Although the phase one trade deal is still alive on paper, if the United States continues to pressure China on “sensitive issues” it considers off-limits, such as Hong Kong, Taiwan, and other issues, then the latter could stop its purchases. of certain American exports.
Under the trade deal, China promised to buy $ 200 billion in US products, including soy and pork, but many experts have doubts about the deal: “China is unlikely to meet its purchase obligations in the deal. of phase one, which were largely unrealistic to start with, “says Evan Rees, Asia-Pacific analyst for Stratfor, a RANE company.
“Although still intact, the longevity of the phase one trade deal is increasingly questioned for a number of reasons, with numerous triggers that could derail the deal, including Hong Kong, Huawei, Taiwan, the South China Sea and various human rights issues, “he says.
On Thursday, in response to China’s comprehensive Hong Kong national security bill, the United States Senate unanimously passed a new bill that imposes sanctions on Chinese officials and companies that undermine Hong Kong’s autonomy. off Beijing.

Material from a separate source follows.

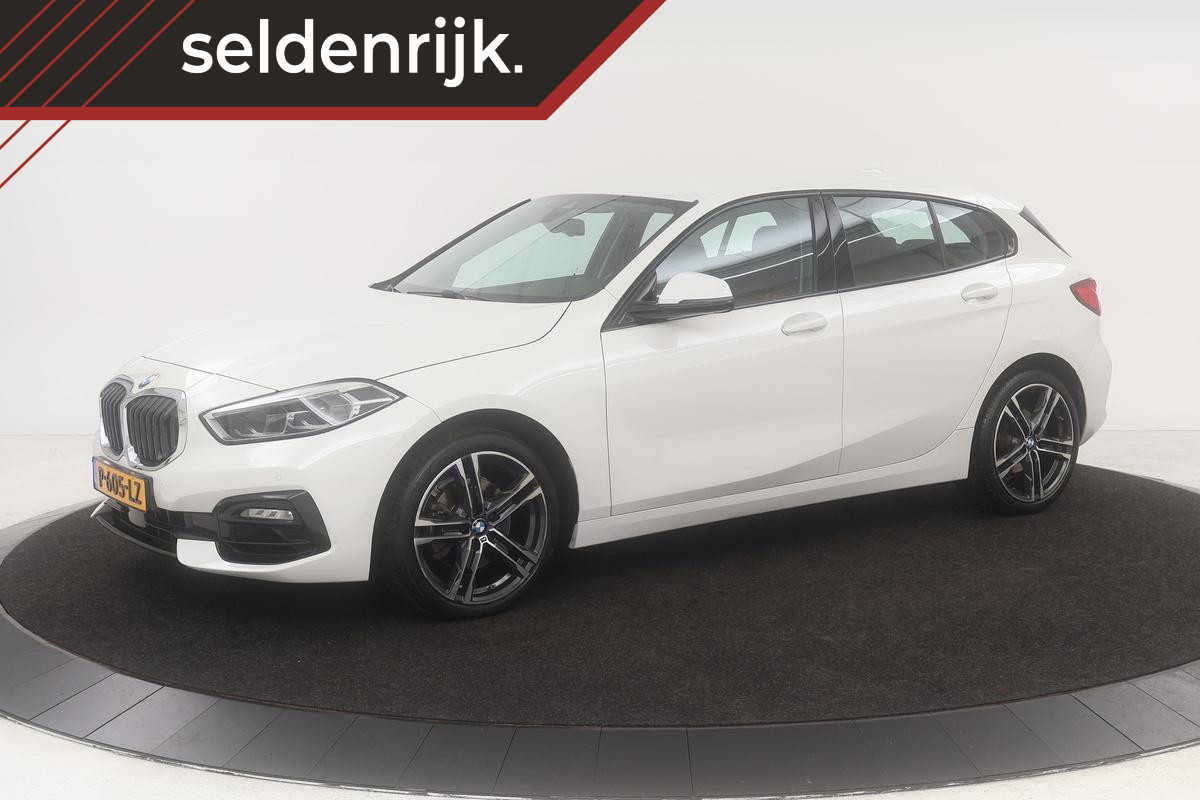 BMW 1-serie 118i Sport Line | Stoelverwarming | Carplay | Full LED | PDC | Navigatie | DAB+ | Sportstoelen |  Climate control | Cruise control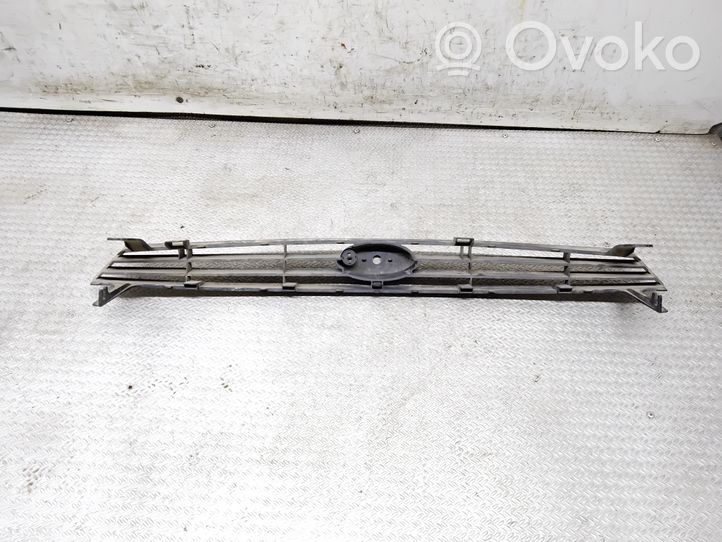 Ford Focus Maskownica / Grill / Atrapa górna chłodnicy 98AB8200AH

During a meeting with United States Secretary of State Mike Pompeo in Hawaii last week, senior Chinese diplomat Yang Jiechi reiterated Beijing’s dissatisfaction with new U.S. sanctions in response to the Hong Kong bill and the arrest of Uighur Muslims in China in the Xinjiang region.
While Yang stressed that China remains committed to carrying out the trade deal and that both sides have to “work together,” that message also had a warning tone, sources said. The Wall Street Journal.
A Chinese official said Yang hinted that “the American side should refrain from going too far with meddling,” and if the “red lines” are crossed, that could completely jeopardize the phase one trade deal.
Chinese Vice Premier Liu He, Beijing’s top trade negotiator, delivered a similar message after the June 18 meeting, suggesting that China’s ability to meet its purchase commitments under the trade agreement will require the United States relieve pressure on other fronts.
United States President Donald Trump, meanwhile, said earlier this week that the trade deal remains “completely intact,” despite earlier comments from trade adviser Peter Navarro, which seemed to suggest that the deal had ” finished”.
“Beijing is making clear that its compliance with the agreement depends on the United States refraining from interfering in matters of critical strategic importance in the short term, mainly its efforts to control Hong Kong’s autonomy and restrict Taiwan,” says Rees. But given the global economic shocks caused by the coronavirus pandemic, China’s ability to dramatically increase purchases will be “somewhat limited” to begin with.
The long-awaited phase one agreement was signed in January, after months of protracted negotiations that affected market sentiment for much of 2019. The centerpiece of the agreement was China’s promise to buy $ 200 billion in US products. such as soy and pork, but experts initially questioned whether those targets were realistic, and now, amid mounting tensions and the economic consequences of the coronavirus, they appear even less likely.
What to look at
“As the November presidential election approaches, the trade dynamic is likely to become increasingly volatile as the White House calculates whether it is an asset or a liability to enter the polls,” says Rees.